→ **INSTRUCTIONS FOR THE TASK**
Could you please reproduce every record below exactly, leaving out the pictures?

Top of RAW DATA

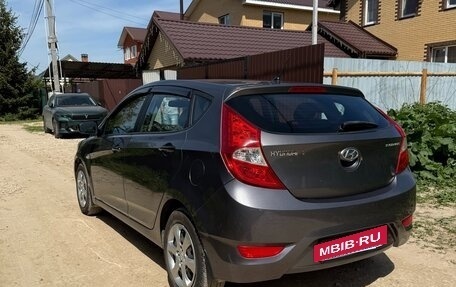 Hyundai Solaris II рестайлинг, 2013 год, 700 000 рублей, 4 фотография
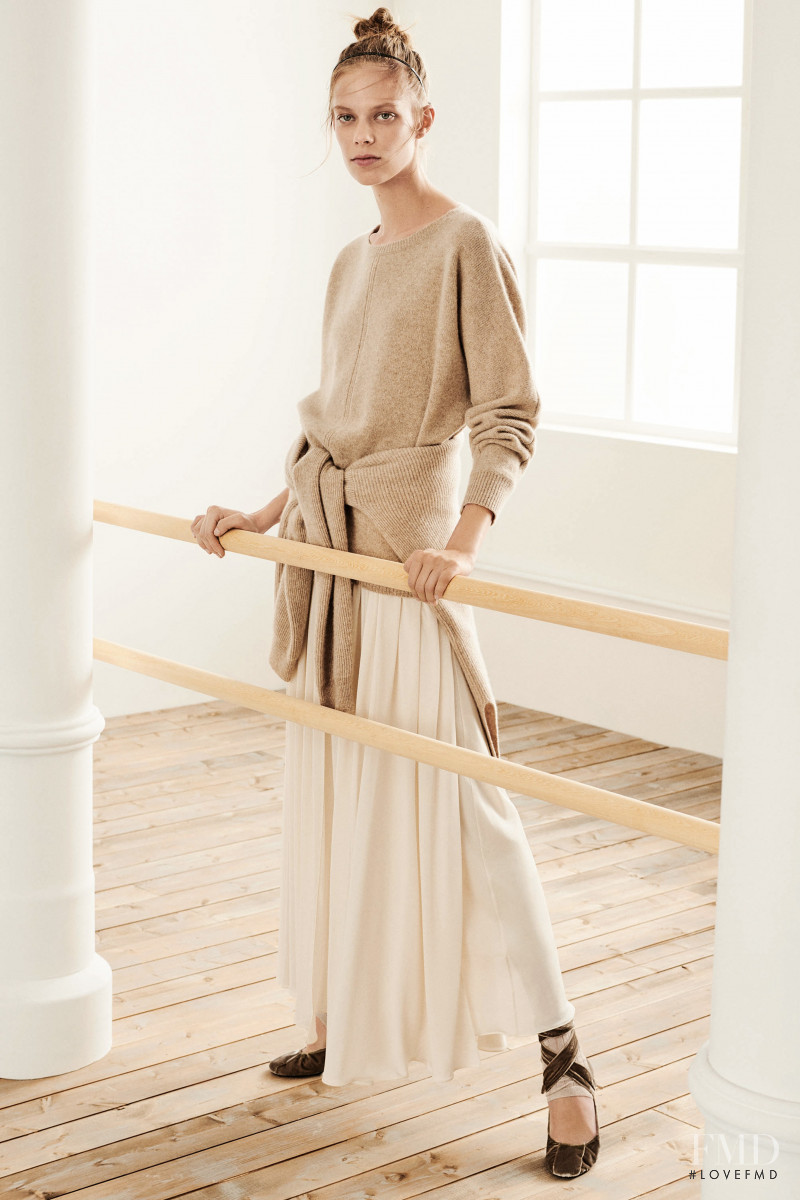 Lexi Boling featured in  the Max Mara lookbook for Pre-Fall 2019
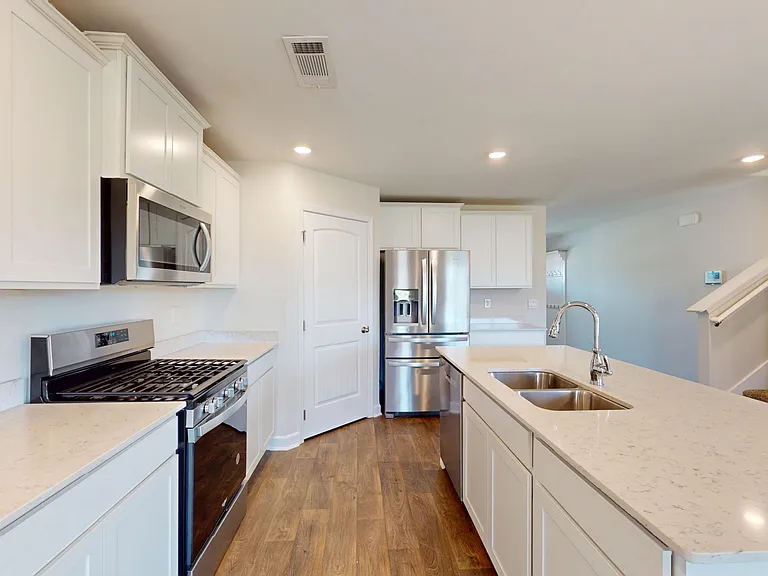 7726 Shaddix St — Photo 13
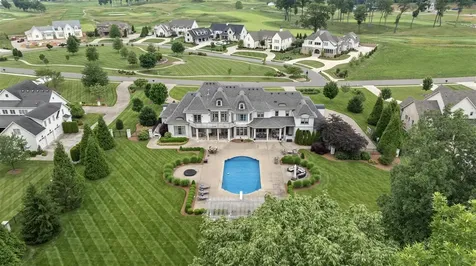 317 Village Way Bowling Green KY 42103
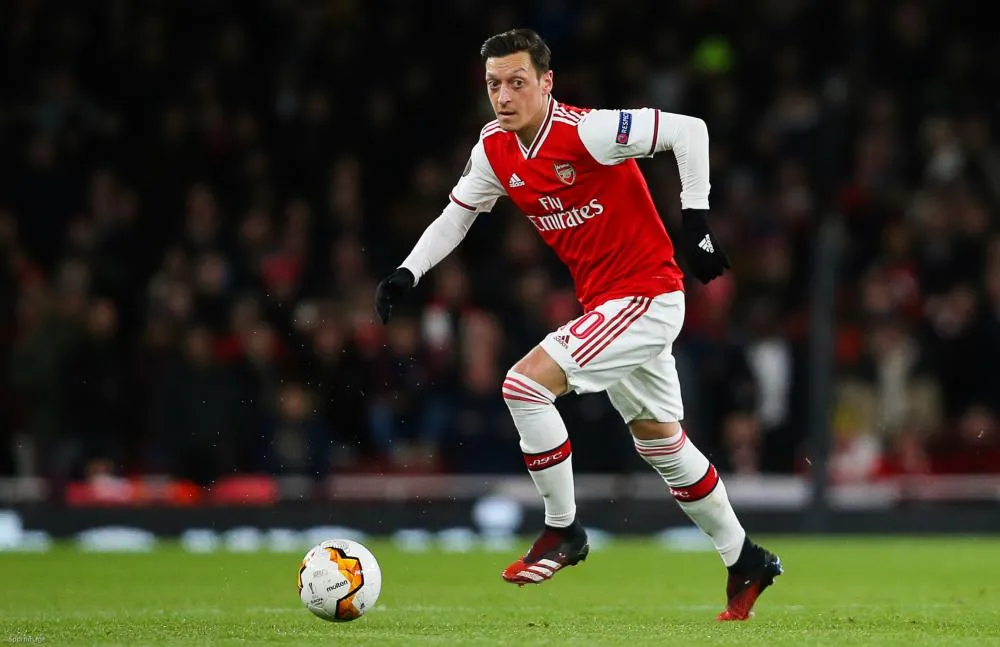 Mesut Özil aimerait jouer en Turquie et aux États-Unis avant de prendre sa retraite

Bottom of RAW DATA

→ **OUTPUT OF THE EXERCISE**
 Hyundai Solaris II рестайлинг, 2013 год, 700 000 рублей, 4 фотография
 Lexi Boling featured in  the Max Mara lookbook for Pre-Fall 2019
 7726 Shaddix St — Photo 13
 317 Village Way Bowling Green KY 42103
 Mesut Özil aimerait jouer en Turquie et aux États-Unis avant de prendre sa retraite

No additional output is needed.